Stop. And focus. – Julian Summerhayes

It used to be my go-to message. (I think I first read it in one of Michael E. Gerber’s many books.)

Don’t ask me why I had to check myself this way but (certainly) in the early days of trying to grow my second business — 2010-2016 — I wanted to make sure I wasn’t engaged in a plethora of unnecessary and/or unworthy activities. It worked to a point; namely, it stopped me from inhabiting several unceremonious places that would have negated my true self message. That’s longhand for saying: it was out of whack with my soul/role apropos of coaching and/or consultancy or whatever else I did to pass the time.

Well, like so my many mantras, it’s disappeared off the face of the earth, only to be replaced by another and altogether more important one:

Be prepared to stop.

Actually, it’s more apt to say: be prepared to be stopped…as we have been in spades with this virulent and unprecedented virus — at least in my lifetime.

I’ve Stephen Jenkinson to thank for the wording but actually, it’s obvious, isn’t it? We needed to be stopped, perhaps not in this horrific, death-dealing way but at least now we’re asking a few more serious questions — I hope — instead of (and I generalise to make my point): how can I continue with my comfort-seeking ways?

You might disagree.

Sure, we still don’t know how it came about (you have to feel for the WHO team) but sooner rather than later, we were going to have to face up to some of our actions.

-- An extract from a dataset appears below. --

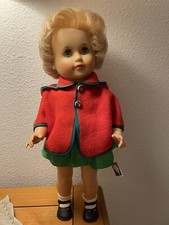 Schildkrot Doll Vintage , Germany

Will we take to heart all we’ve learnt and experienced? I don’t know. Certainly what’s massing in the wings is a degree of social anxiety we’ve never witnessed before and as for the mental health issues, well, I can’t even begin to articulate how we’ve been changed and will be for the rest of our lives.

But there’s something bigger, still, that hangs like a dirigible out in the shadows.

The unfolding climate catastrophe.

Put it this way, now that we’ve been stopped, will we emerge ready to make the course corrections necessary to abate the even bigger catastrophe we know is coming? I’m no expert but you only have to surf the web for a day or two to realise that we’ve put the world through the wringer and it’s in a whole heap of trouble. And by all accounts, we’re not doing enough, not nearly enough, to sort out our shit.

I know I’ve not got long left on this planet — perhaps thirty years, if I’m lucky — but something tells me, whether I like it or not, that’s there where I’m going to have to invest my energy, time and love if I’m going to be considered an ancestor worthy of anything. That’s big talk, grandiose even, but I can’t see an alternative.

By the way, I’m sure we don’t need more Summerhayes oxygen blowing into the sails of exhortation — walk your talk and all that — but certainly, in the space I inhabit, there’s still not enough being said, let alone done, to turn the climate catastrophe ship around — assuming that is, it’s not too late!

Onwards, as I say. Not forever, but for now.